Helen (from Bray, went to St David's in Greystones, then UCD) says of the love of her life Karen (from Waterford, went to the Mercy in Waterford, then WIT and Smurfit Business School): "She thinks the word NO means Negotiable Opportunity. I love that about her. She sets herself quarterly challenges that scare the bejaysus out of her - it prepares her for the challenges in business.
"A few years back she signed up to do a triathlon and only had eight weeks to train for it. She didn't know how to swim at the time, so in those eight weeks she trained hard and learned how to swim, which is an incredible feat!
"When she got out of the Shannon, it was like she'd won gold at the Olympics, I was so proud of her as I'd taught her to swim!"
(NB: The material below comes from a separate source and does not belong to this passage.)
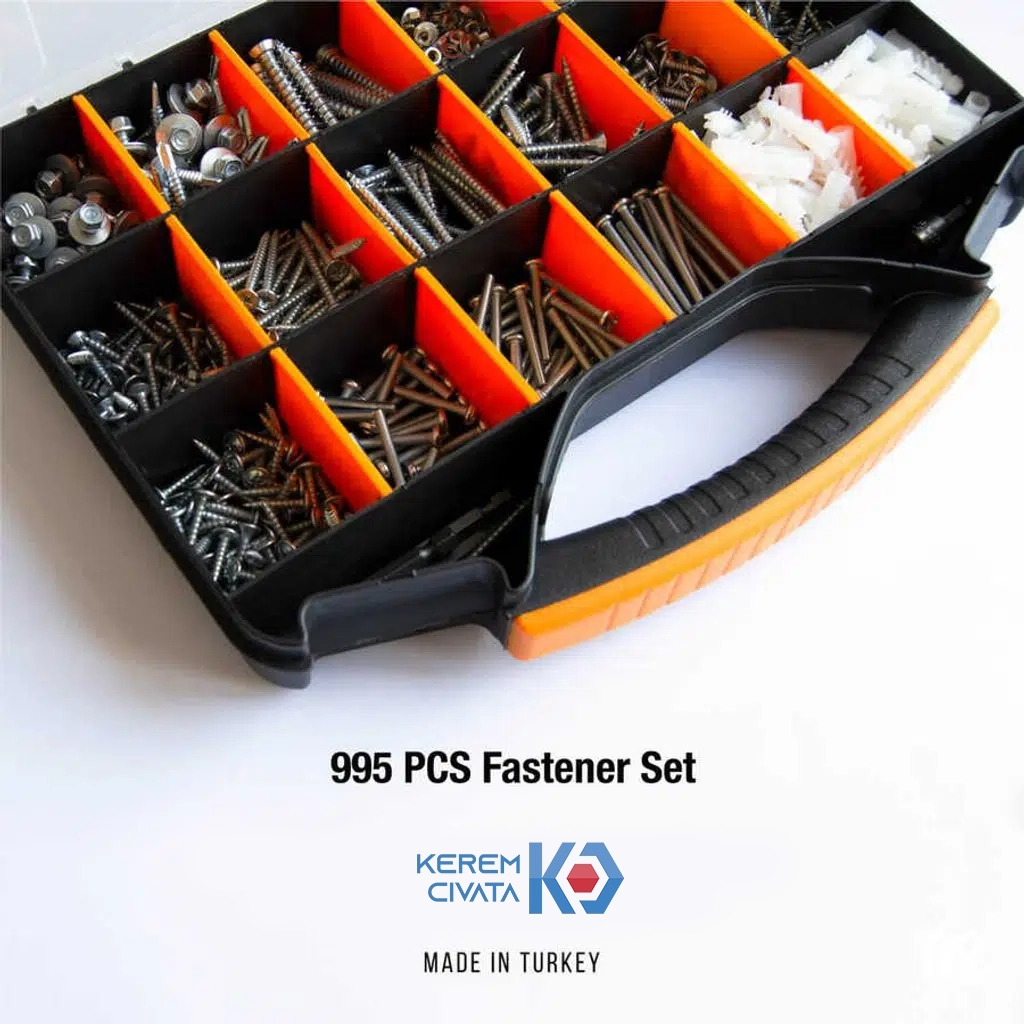 Kerem 995 Parça 24 Çeşit Vida, Dübel, Somun Ve Pul Seti 25CM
They run Beekon together, which they are almost as excited about as they are about each other. "To cope with the always-on Beekon pressure," says Karen, "we manage our energy, not our time. There are times when we need to take the foot off the pedal, take a morning off or just take time out to recharge, and being entrepreneurs we've given ourselves the freedom to do just that."
"Beekon moved from being a project of interest to a business with intent, that I was going to devote myself to, in October 2018. It was at this point I knew that I had a liquid that was good and a brand that was compelling."
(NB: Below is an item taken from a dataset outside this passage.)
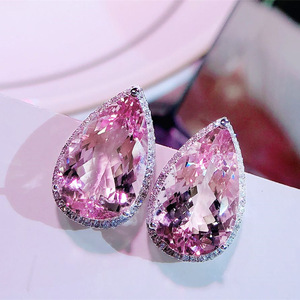 Orecchini a Perno a Goccia Rosa per Donne, Forma a Pera, Brillanti, per Uso Quotidiano e Feste, Gioielli alla Moda - Product Image 1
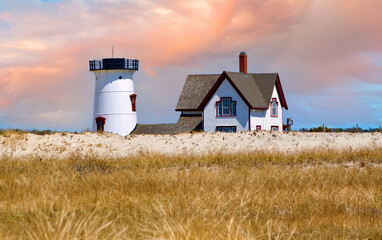 Wall Mural - Sunset at Stage Harbor Lighthouse in Chatham, Cape Cod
For two years prior to this, Karen worked with the master brewer Joe Kearns, "who is a genius. We collaborated with about 12 different types of honey and yeasts to create the taste that is Beekon."
Karen left the corporate world as she was "done creating superficial campaigns that lacked meaning and purpose".
Her love of "all things bees was ignited in my global cider role. Bees are essential to the pollination of the orchards - it's the start of the production process as such. I ask myself daily one question, indeed my entire brand strategy is one question: 'How would a bee do it?'"
Karen tries to approach all things Beekon "like a bee. We have so much to learn from bees. The more I learn, the more I am in awe. If we showed up in life a little more like bees and how they selflessly work for the good of their hive or community, I genuinely believe life would be so much more fulfilling and happier."
Karen became "obsessed with making a product that was 100 per cent natural, free from any additives, sulphites, preservatives or colourants, something that large organisations are reluctant to do due to recipe and cost controls."
Karen has a dream - "that everywhere Beekon is sold, something is happening to help the bees".